Write the listing out again word for word, skipping each picture.

= DATA EXTRACT =
════
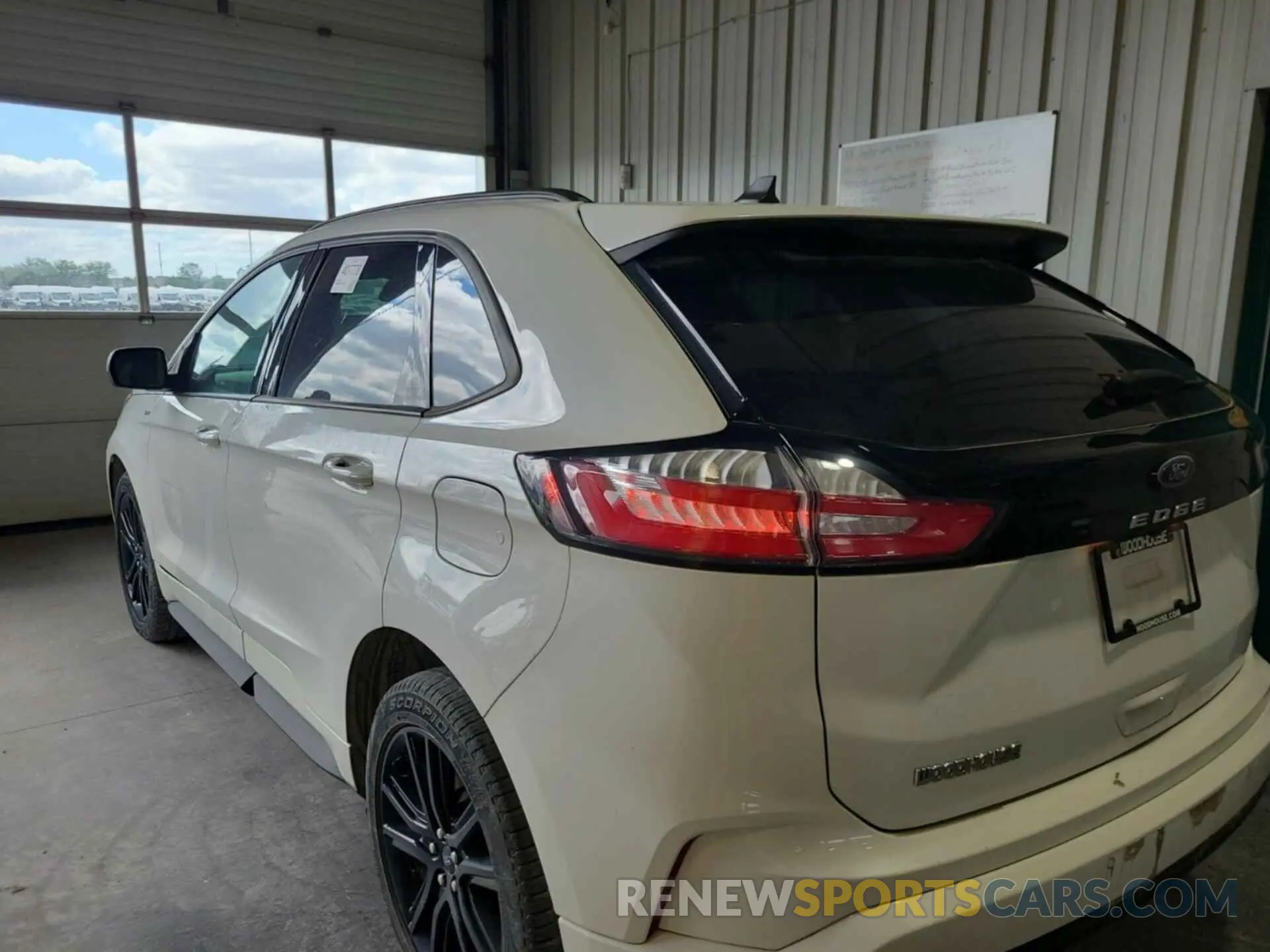 5 fotografías del automóvil dañado 2FMPK4J94NBA42749 FORD EDGE 2022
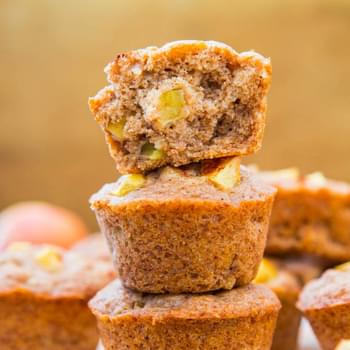 Vegan Chunky Apple Cinnamon Muffins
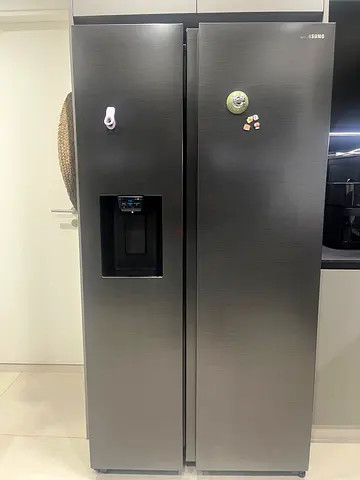 Refrigerator- Samsung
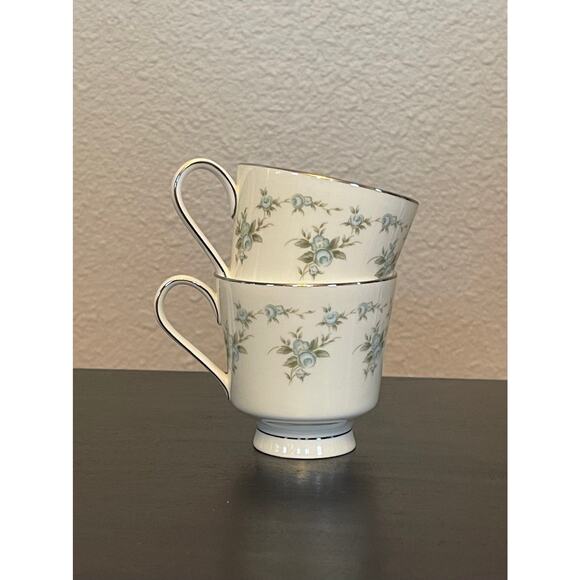 Set of 2 Mikasa Brearley Cups Only Blue Flowers - Picture 1 of 9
════
= ANSWER SECTION =
 5 fotografías del automóvil dañado 2FMPK4J94NBA42749 FORD EDGE 2022
 Vegan Chunky Apple Cinnamon Muffins
 Refrigerator- Samsung
 Set of 2 Mikasa Brearley Cups Only Blue Flowers - Picture 1 of 9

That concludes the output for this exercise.